A model politician
The Bodleian Library has mounted an exhibition to mark the bicentenary of the birth of Benjamin Disraeli, 1st Earl of Beaconsfield, in December 2004. The exhibition is displayed in a single room off the main entrance of the library and is drawn from the Disraeli letters which passed to the National Trust from Disraeli's descendants at Hughenden, but which have been on deposit at the Bodleian in Oxford since 1978. On display are Disraeli's diaries and letters, written in his free and sloping hand, as well as letters from his principal correspondents. There are also political cartoons, early editions of his novels, pictures of his friends, as well as manuscripts from other Bodleian collections, such as those of the Labour premier, Harold Wilson. Lord Wilson admired Disraeli, even though he was an architect of the modern Tory party, and described him as 'the most fascinating and inscrutable Prime Minister Britain has ever had'.
The story of the man who was born a Jew, became an Anglican, wrote 20 books, served more than 40 years in Parliament and twice rose to the premiership retains its power to amaze. The exhibition is also attractive because it shows the sensual enjoyment Disraeli derived from writing, whether describing a dinner party or amusing an elderly friend. For example, in a letter written when he was not yet 21, he described a dinner of 'captain-voyageurs' at the publishers, John Murray. He told his father there had been much discussion of 'the savouriness of stewed lizard and rattlesnake ragouts'. Disraeli loved food, and possessed a talent for satire. They were both part of his appetite for enjoyment.
Another example is a line from a letter to Mrs Brydges Williams, a rich widow who left him about /30,000 in her will. He flattered her, but she was also a real friend and was buried next to him in the churchyard at Hughenden, with his wife on the other side. He wrote to her from Downing Street, where he was enjoying his second — brief — spell as Chancellor of the Exchequer in 1858: 'My life has been passed in constant combat, but I am glad to add with respect to all important matters, of constant victory.' He was exaggerating and sending himself up at the same time.

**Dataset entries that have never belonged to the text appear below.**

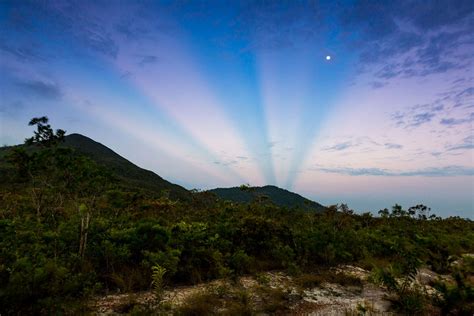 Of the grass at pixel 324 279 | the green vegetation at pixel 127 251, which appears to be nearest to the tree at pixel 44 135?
the green vegetation at pixel 127 251

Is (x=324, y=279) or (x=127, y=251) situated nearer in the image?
(x=127, y=251)

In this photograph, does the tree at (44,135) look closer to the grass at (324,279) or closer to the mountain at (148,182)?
the mountain at (148,182)

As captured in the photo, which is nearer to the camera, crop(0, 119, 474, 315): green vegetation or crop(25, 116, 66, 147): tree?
crop(0, 119, 474, 315): green vegetation

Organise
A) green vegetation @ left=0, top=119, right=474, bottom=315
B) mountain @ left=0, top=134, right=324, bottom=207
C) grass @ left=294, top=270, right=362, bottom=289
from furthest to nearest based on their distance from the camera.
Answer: mountain @ left=0, top=134, right=324, bottom=207, grass @ left=294, top=270, right=362, bottom=289, green vegetation @ left=0, top=119, right=474, bottom=315

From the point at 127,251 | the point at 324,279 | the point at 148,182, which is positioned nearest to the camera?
the point at 127,251

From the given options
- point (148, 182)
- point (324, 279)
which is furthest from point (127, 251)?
point (148, 182)

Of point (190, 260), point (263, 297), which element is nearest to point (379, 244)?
point (263, 297)

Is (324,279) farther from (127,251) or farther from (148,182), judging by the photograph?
(148,182)

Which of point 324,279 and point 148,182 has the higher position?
point 148,182

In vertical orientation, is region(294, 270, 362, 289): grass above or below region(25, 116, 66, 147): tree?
below

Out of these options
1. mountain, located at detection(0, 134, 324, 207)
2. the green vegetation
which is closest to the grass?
the green vegetation

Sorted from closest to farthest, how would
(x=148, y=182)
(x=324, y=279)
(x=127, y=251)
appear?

Helen Langley, the curator, has organised the exhibition chronologically around ten 'stepping stones' in Disraeli's life. She has also edited a book to accompany the exhibition with six essays by experts. The former Chancellor of the Exchequer, Kenneth Clarke, reviews the disaster of Disraeli's first Budget and links it to Disraeli's personal incompetence with money. He was in debt for most of his life and first sought election to Parliament as a way of gaining an MP's immunity from prosecution by creditors. Angus Hawkins describes Disraeli's triangular relationship with a father and son, the 14th and 15th Earls of Derby. Annabel Jones examines Disraeli's relations with his publishers, while Timothy Mowl unveils Disraeli's relationship with the aesthete, William Beckford. Roland Quinault takes issue with the dean of Disraeli biographers, Lord Blake, by arguing that Disraeli as Buckinghamshire squire made perfect sense and was an entirely natural identity. Finally, Jane Ridley puts the case for Disraeli's women as influential forces in transforming him into a political insider.
Disraeli was no idealist. He conforms to modern prejudices about politicians as an opportunistic and ambitious breed. What this prejudice obscures is how democracy thrives on the ambition of politicians. The second Reform Bill in 1867, which enfranchised hundreds of thousands of new voters, would never have happened without Disraeli's self-seeking opportunism and ruthless party manoeuvring. Nor could a greater victory for toleration ever have been won than by his success in the face of powerful anti-Semitism. The exhibition's title, 'Scenes from an Extraordinary Life', emphasises the extraordinary way 19thcentury liberty prospered from Disraeli's determination to satisfy his own ambition, seeking to please others and enjoy himself.
Scenes from an Extraordinary Life continues in Oxford until May 2004 and then moves to Hughenden. William Kuhn 's book on Disraeli, The Politics of Pleasure, will be published by Simon & Schuster next year.